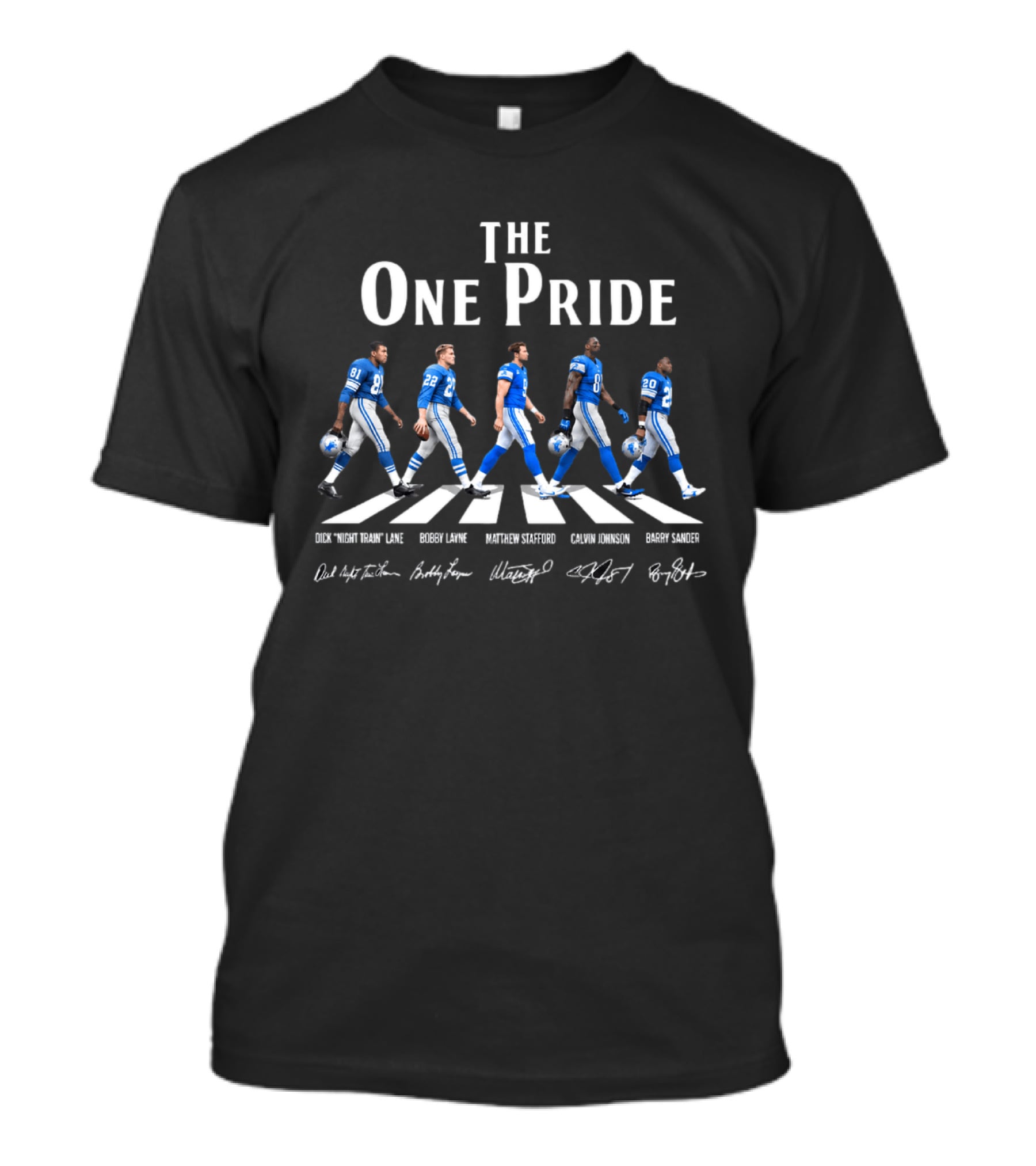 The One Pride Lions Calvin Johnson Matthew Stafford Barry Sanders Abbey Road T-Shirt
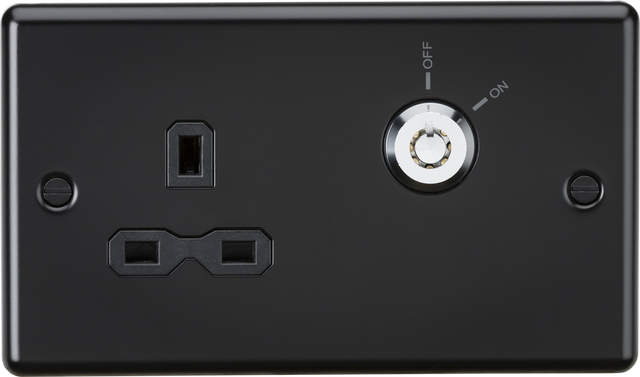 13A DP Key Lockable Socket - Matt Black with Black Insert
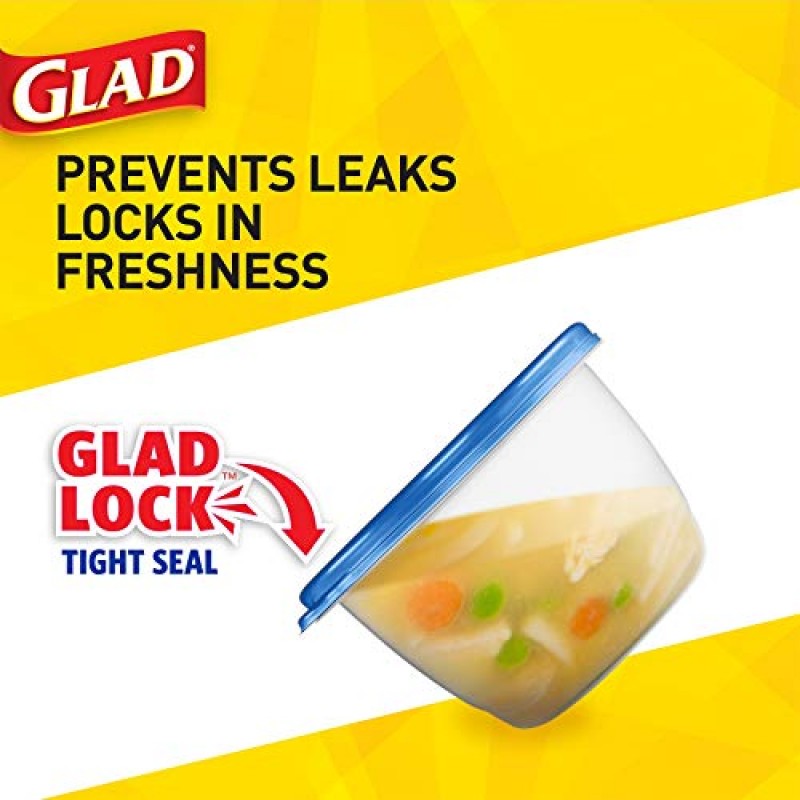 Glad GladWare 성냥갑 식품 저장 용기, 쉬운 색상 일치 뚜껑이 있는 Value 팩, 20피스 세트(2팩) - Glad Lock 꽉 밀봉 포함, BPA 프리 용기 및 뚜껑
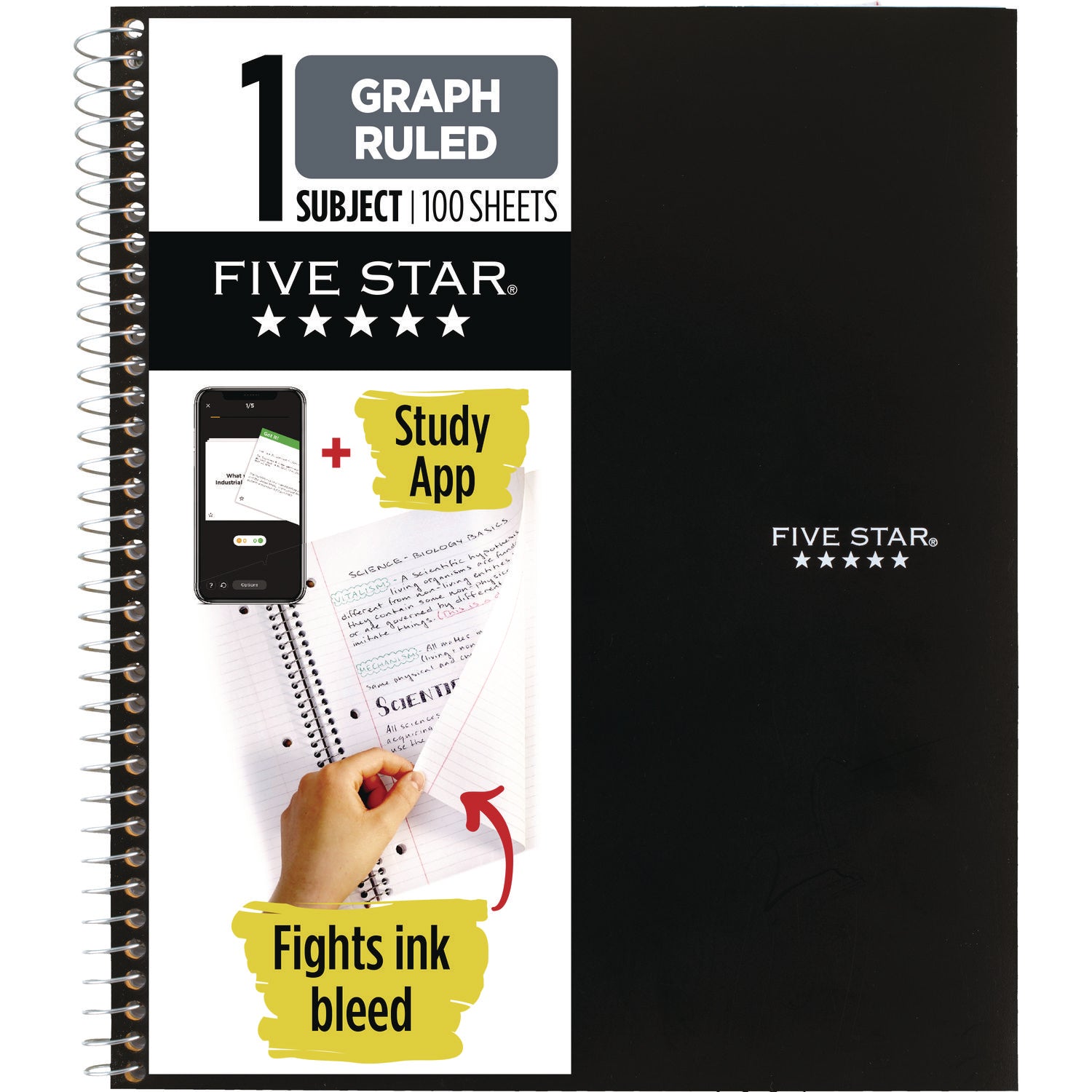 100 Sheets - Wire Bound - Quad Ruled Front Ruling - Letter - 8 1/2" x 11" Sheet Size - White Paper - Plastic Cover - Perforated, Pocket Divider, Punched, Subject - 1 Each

### TASK REQUIREMENTS:
From the line containing "13A DP Key Lockable" down to the end of the listing above, every line is to be returned exactly, though the pictures are not.

### RESPONSE:
 13A DP Key Lockable Socket - Matt Black with Black Insert
 Glad GladWare 성냥갑 식품 저장 용기, 쉬운 색상 일치 뚜껑이 있는 Value 팩, 20피스 세트(2팩) - Glad Lock 꽉 밀봉 포함, BPA 프리 용기 및 뚜껑
 100 Sheets - Wire Bound - Quad Ruled Front Ruling - Letter - 8 1/2" x 11" Sheet Size - White Paper - Plastic Cover - Perforated, Pocket Divider, Punched, Subject - 1 Each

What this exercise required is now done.